F1 spending cap could make race cars from smaller teams target podiums at last

  • FIA said in a statement that the cap will be scaled down to $140 million in 2022 and $135 million for 2023-2025, based on a 21-race season.

At a time when some of the smaller teams in Formula 1 face an existential crisis due to the financial implications of Covid-19 pandemic, FIA has announced a cap on spending which could potentially put all teams in the sport on a relatively level playing field.

FIA said in a statement that the cap will be scaled down to $140 million in 2022 and $135 million for 2023-2025, based on a 21-race season.

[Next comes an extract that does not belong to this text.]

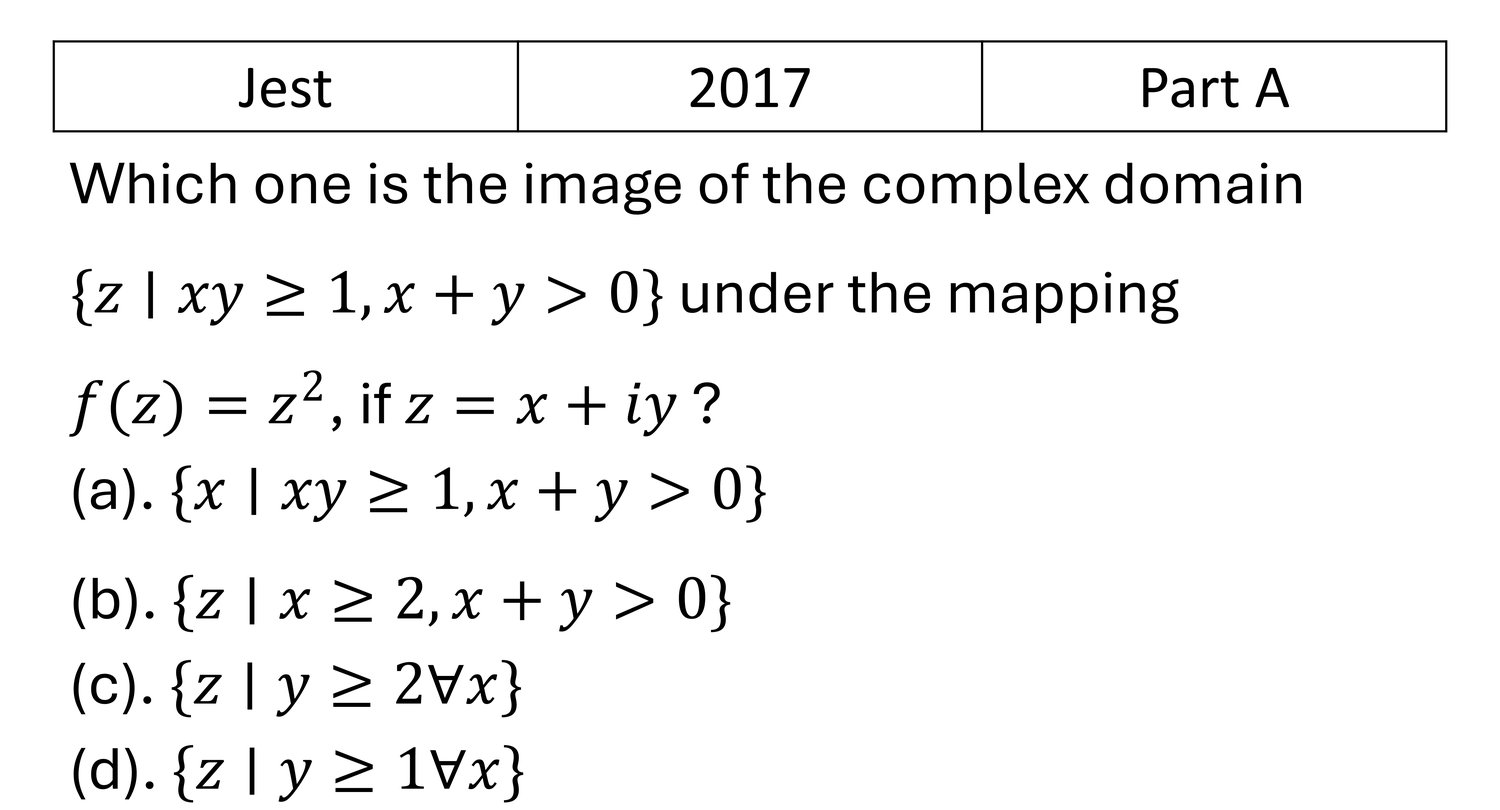 JEST 2017 Complex Analysis previous year question JEST_2017_Q21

This, however, does not include driver salaries and engine costs. "The World Motor Sport Council has approved further changes to the regulations governing the FIA Formula One World Championship primarily due to the ongoing need to reduce costs and safeguard the sport in light of the Covid-19 pandemic," a statement read.

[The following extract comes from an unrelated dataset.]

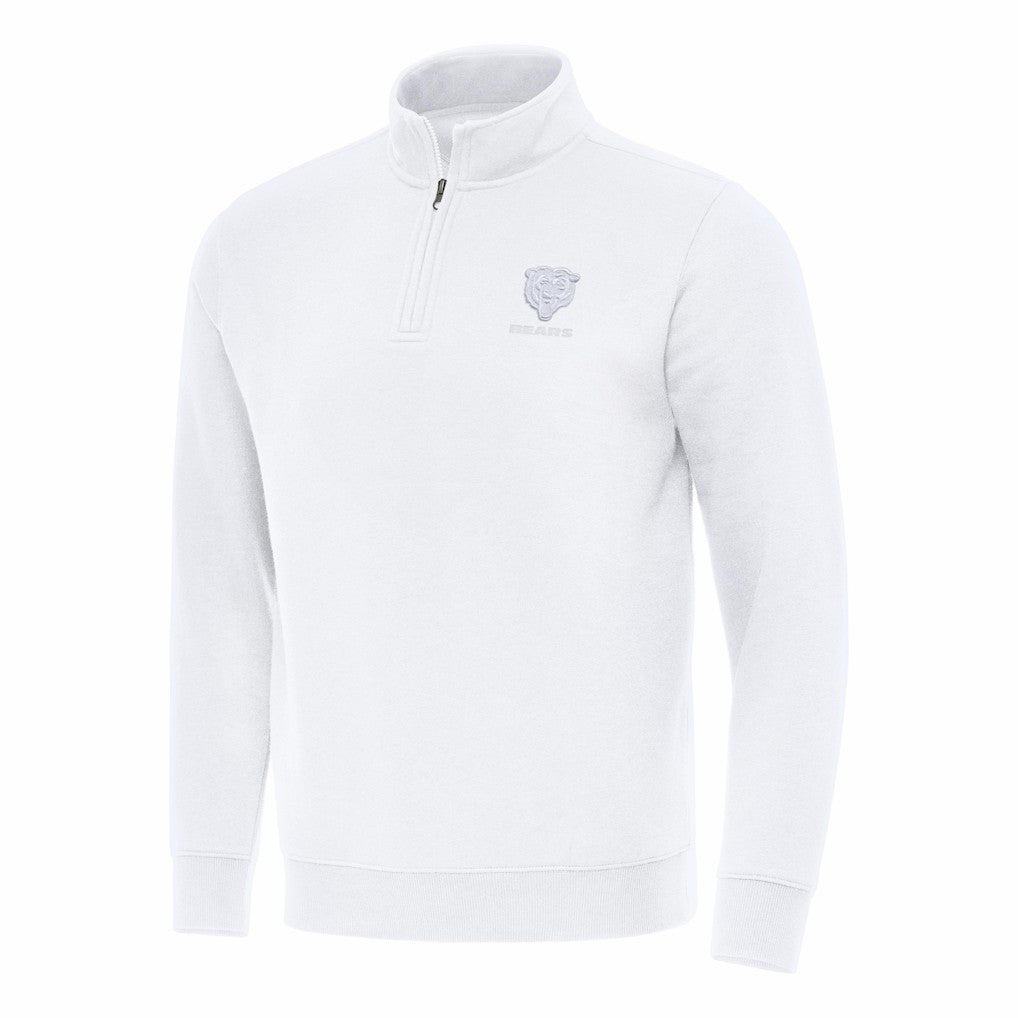 Chicago Bears Antigua Victory Quarter-Zip Top White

With as many as 10 races in the 2020 calendar either cancelled or pushed back, F1 has taken a significant financial hit. First-quarter revenue crashed to $39 million as against $246 million in this period of last year, according to F1 owner Liberty Media.

As such, the raging debate around whether teams should be permitted to go big bucks for results received impetus. Previously, many of the mid-field and back-guard teams have highlighted how money being spent is increasingly determining victory which undermines the sports nature of F1. Mercedes team has managed to break records galore and has won six drivers' and constructors' championships in the last 10 years.

Quite obviously then, the latest decision on the restriction in spending has been lauded by them. "Formula 1 wins today. This is a crucially important moment for our sport," said McLaren team chief executive Zak Brown. McLaren, makers of race and super cars, has taken a massive financial hit in recent months and announced as many as 1,200 job cuts. It is also seeking $374 million in funding.